Despite the seemingly disparate and scattered goals of recent advances in life sciences technologies, the committee concluded that there are classes or categories of advances that share important features. These shared characteristics are based on common purposes, common conceptual underpinnings, and common technical enabling platforms. Thus, the technologies outlined in this chapter are categorized according to a classification scheme devised by the committee and organized around four groupings:

  1. Acquisition of novel biological or molecular diversity. These are technologies driven by efforts to acquire or synthesize novel biological or molecular diversity, or a greater range of specificity, so that the user can then select what is useful from the large, newly-acquired diversity pool. The goal is to create collections of molecules with greater breadth of diversity than found so far in nature, as well as with types of diversity that may not exist in nature. The kinds of molecules that might be generated include, for example, enzymes with enhanced or altered activities, as well as molecules composed of “unnatural” amino acids.

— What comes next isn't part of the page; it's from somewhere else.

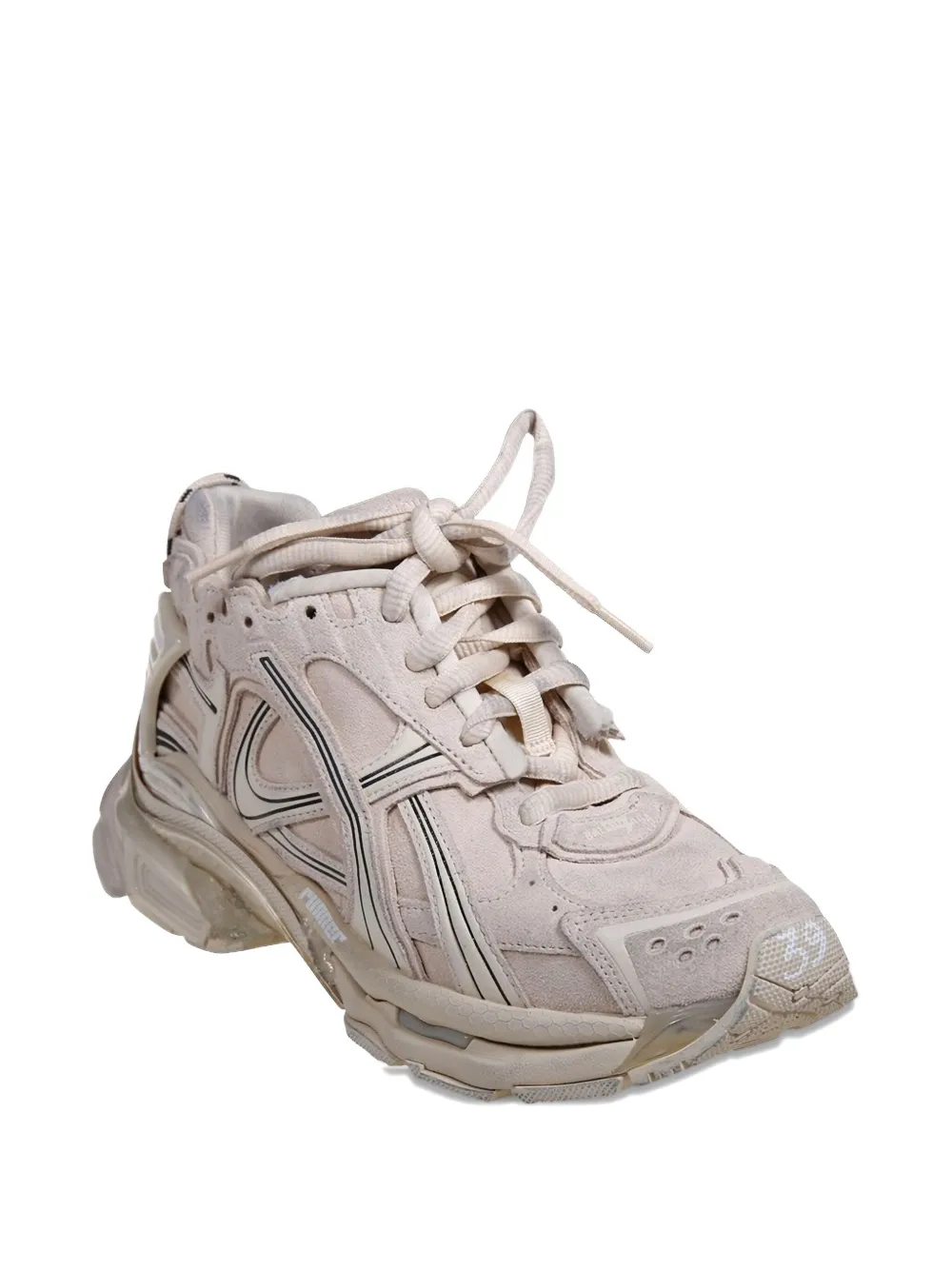 Balenciaga panelled-design sneakers - Beige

Technologies in this category include those dedicated toward DNA synthesis; the generation of new chemical diversity (i.e., through combinatorial chemistry); those that create novel DNA molecules (from genes to genomes) using directed in vitro molecular evolution (e.g., “DNA shuffling”1); and those that amplify or simply collect previously uncharacterized sequences (genomes) directly from nature (i.e., bioprospecting). All of these technologies require a subsequent selection step, such that molecules, macromolecular complexes, or even microbes with the desired properties can be identified and isolated from a large and very diverse pool of possibilities. Toward this end, new high-throughput screening (including the use of robotics and advanced information management systems) have become critical enabling technologies.